One of the things I recommend to newbies is to avoid looking at the super detailed, super artificially colored pictures and go to "Turn Left at Orion" for realistic representations of what they will see.
I am into this for a year and having a grand time. For me the WOW factor is not how pretty it is but that I can see it at all. My sky is very light polluted. Whole sections of the sky are blank to the naked eye. And yet, with the telescopes I can see things that are millions of trillions of miles away.
The Milky way is a rumor I have heard but never seen.
Sometimes I run a calculation in my head about distance. If this thing is 100 light years away and each light year is 5.8 trillion miles, that is 580 trillion miles, and I can see it.
At 200X it now looks like it is ONLY 290 trillion miles away.
Mars is roughly 50 million miles away right now. At 200X it looks like it is 2.5 million miles away. Maybe that's why I can't see a lot of surface detail.
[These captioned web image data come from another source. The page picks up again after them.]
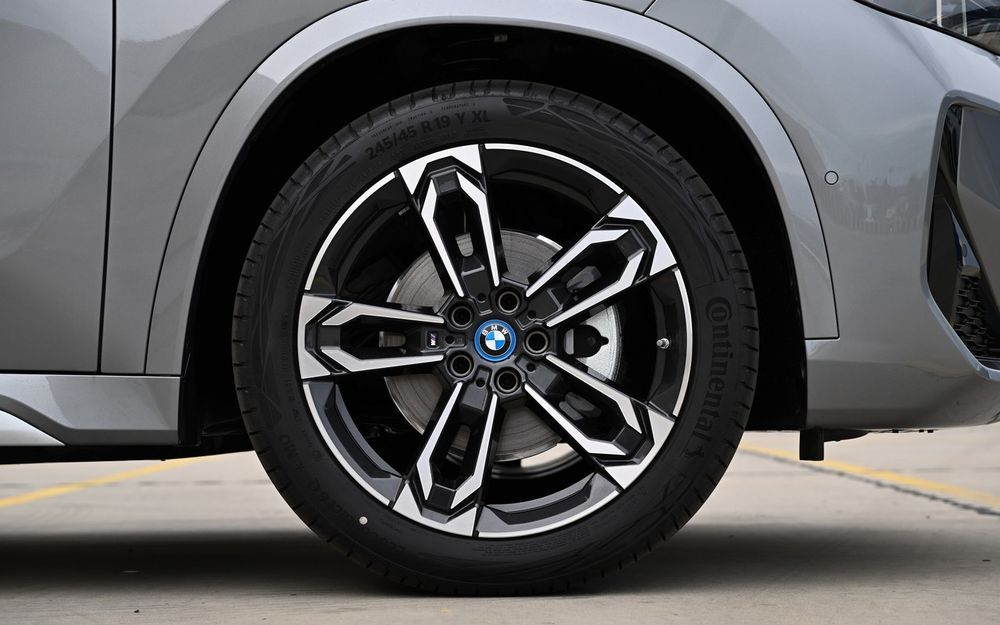 BMW iX1 eDrive20L M Sport 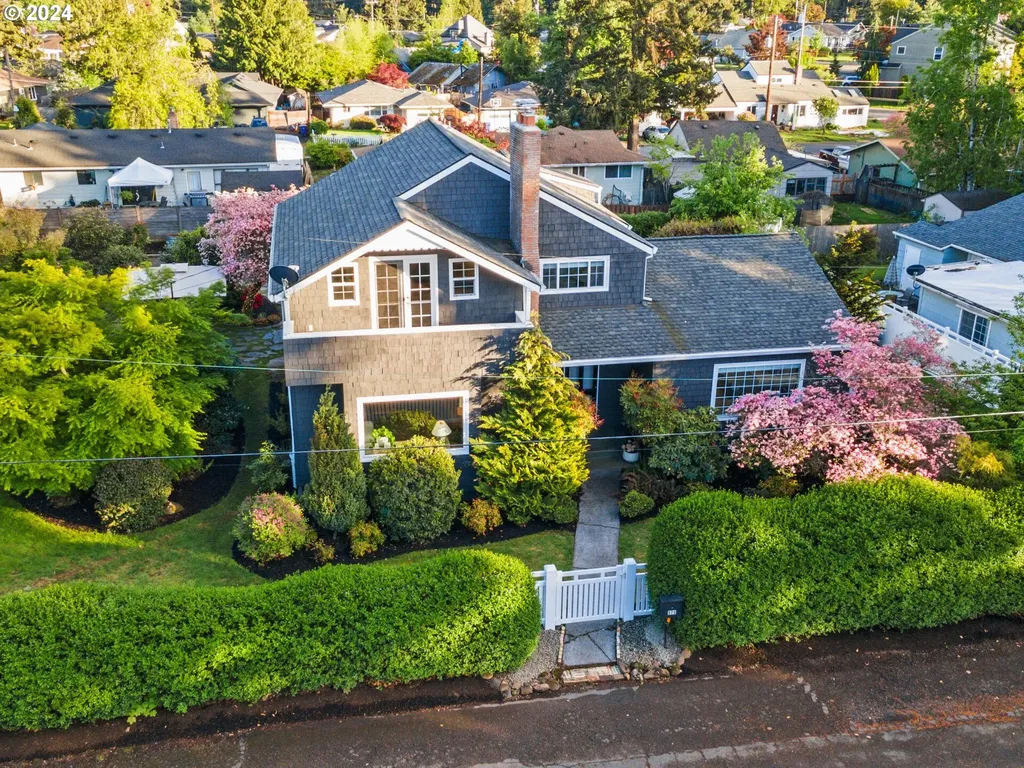 920 Promontory Avenue Oregon City OR 97045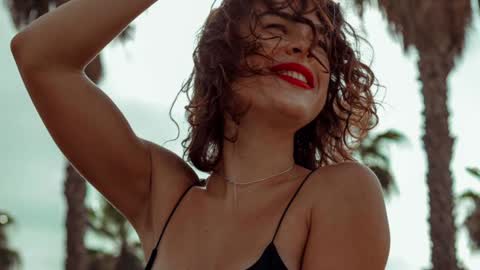 Snapshot of girlnextd00r_ chatting on December 6, 4:38 pm Hanna online show from December 6, 4:38 pm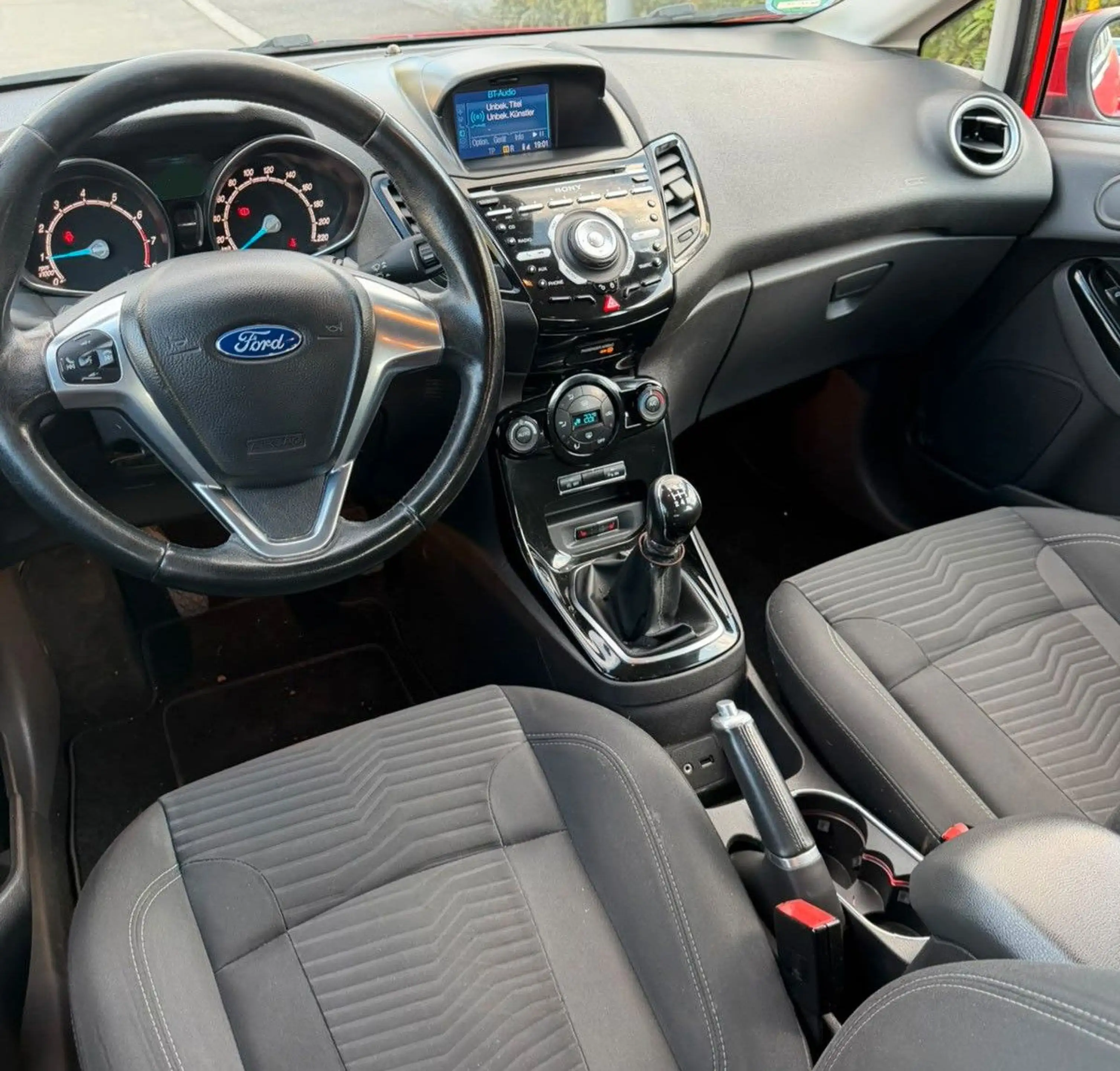 Ford Fiesta Titanium/TÜV05.28/KLIMA/PDC/EURO6/SHZ — photo 3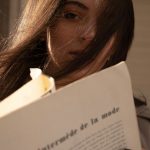 Comment savoir si ma fille est transgenre : signes, écoute et accompagnement without any text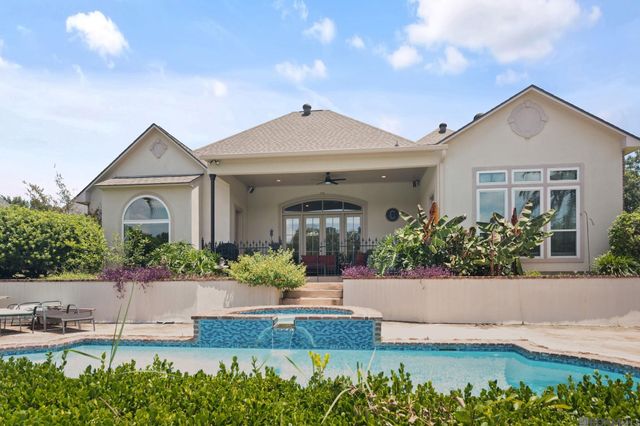 16924 Sunset Point Ct, Baton Rouge, LA 70816
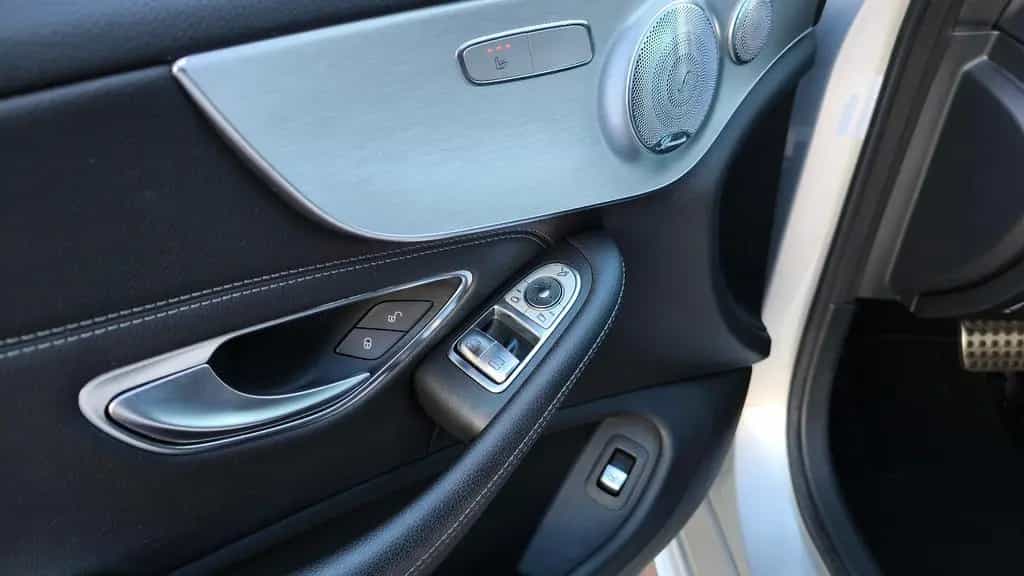 Mercedes-Benz C-Class 300 Coupe AMG-Paket Panorama Burmester 08/2016-photo-9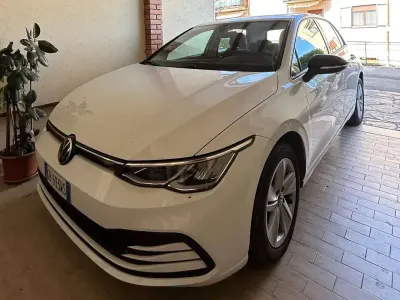 Usata VW Golf VIII Life 116 CV (85 kW) 2020 Bianco Berlina
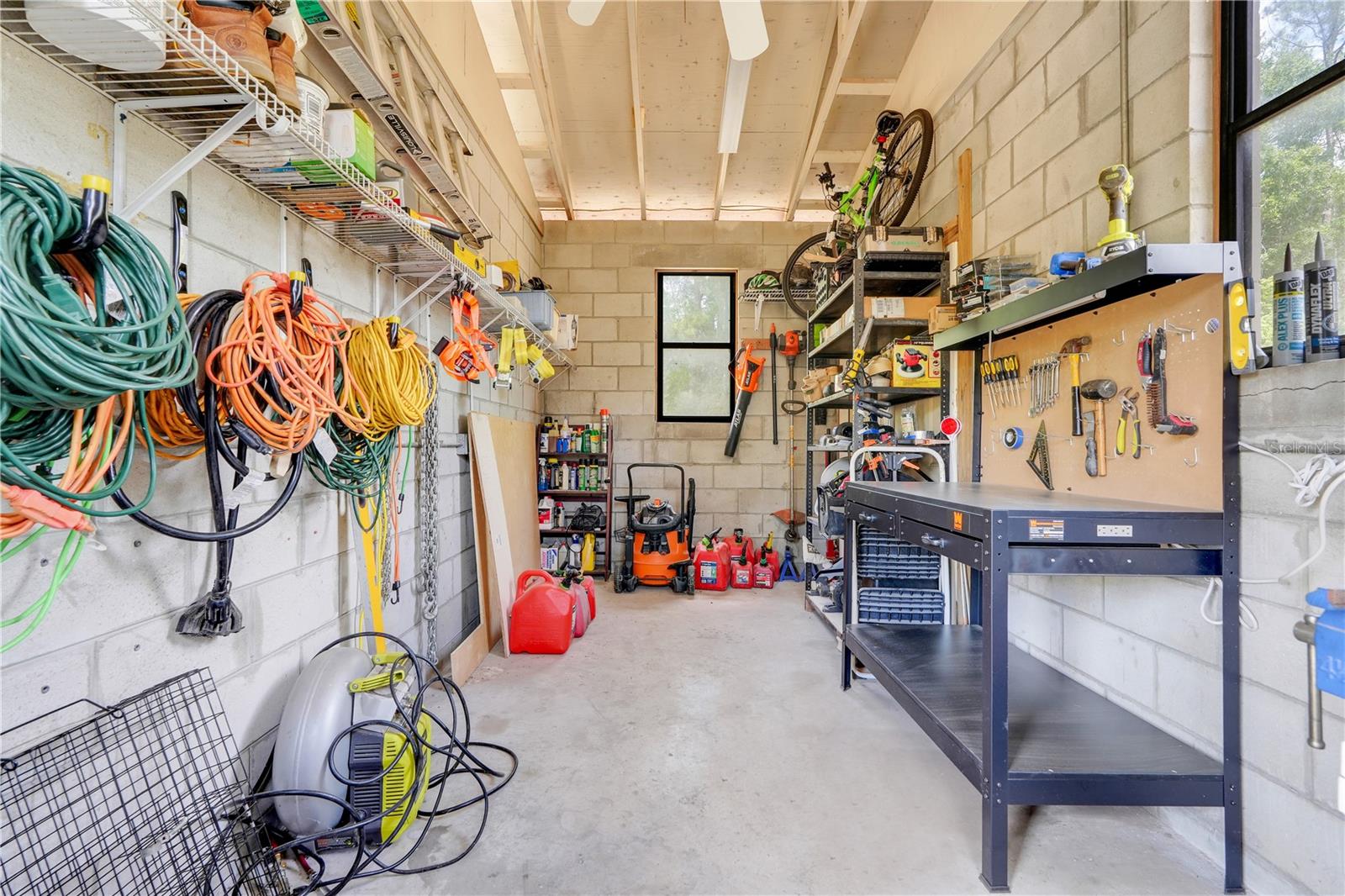 32510 WOLF BRANCH LN, SORRENTO, FL, 32776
The Moon is 250,000 miles away. At 300X it looks like it is 833 miles away. Could I see a car or a flag at 833 miles?
Guess that is why I can't see the lunar rover the Apollo teams left behind.
But when I look off into that blank sky with binoculars or a telescope and discover amazing things, that is exciting. GoTo and PushTo computer assist has been a great help in this respect as there is not a lot for me to align on with a Telrad or a red dot finder.